Permettez-moi de mentionner que le Groupe de travail d’experts sur les personnes d’ascendance africaine de l’ONU (UNWGEPAD) a souligné dans plusieurs communications, aussi bien en 2013 qu’en 2014, le caractère raciste d’un tel usage véhiculant des stéréotypes négatifs et étant clairement un vestige de la mise en esclavage.

Malgré cela, ce vestige d’une tradition culturelle raciste se perpétue dans un silence assourdissant. Et lorsqu’il y a des remarques quant à l’essentialisation du Noir dans le cadre de cette tradition, il est répondu que contester une telle pratique revient à nier l’identité culturelle des pays où elle se déroule.

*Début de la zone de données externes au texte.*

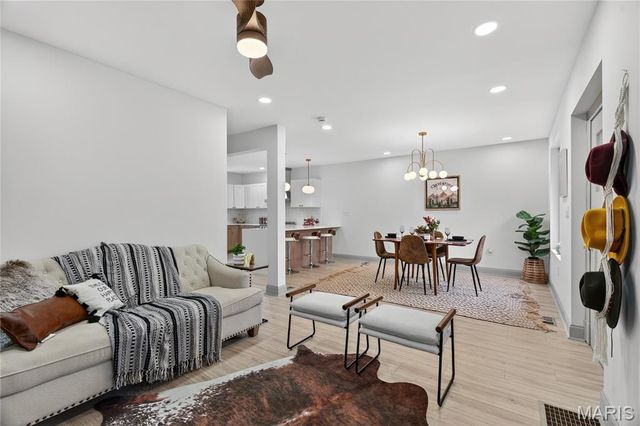 3120 Gurney Avenue, St Louis, MO 63116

Mon organisation, Bruxelles Panthères, est très inquiète de constater la faiblesse des réactions aussi bien des autorités politiques que de la société civile de notre pays face à cette situation inqualifiable, dégradante et particulièrement racialisante.

Madame la Directrice Générale,

Comme chaque année, lors du 4 -ème week end du mois d’août, se déroulera la Ducasse d’Ath, ainsi présentée sur le site officiel de la ville : « depuis 2005, la ducasse d’Ath est reconnue par l’Unesco au même titre que la ducasse de Mons ou encore le Meyboom à Bruxelles. Ces fêtes, qui ont traversé les siècles, font partie de notre culture populaire et sont profondément ancrées dans nos traditions ».

En 2008, la ville d’Ath reçoit une nouvelle consécration. Elle est primée dans le cadre du concours EDEN (European Destinations of Excellence) initié par la Commission européenne. La démarche touristique de qualité entreprise par la ville ainsi que l’appropriation du folklore par la population locale ont séduit le jury du concours.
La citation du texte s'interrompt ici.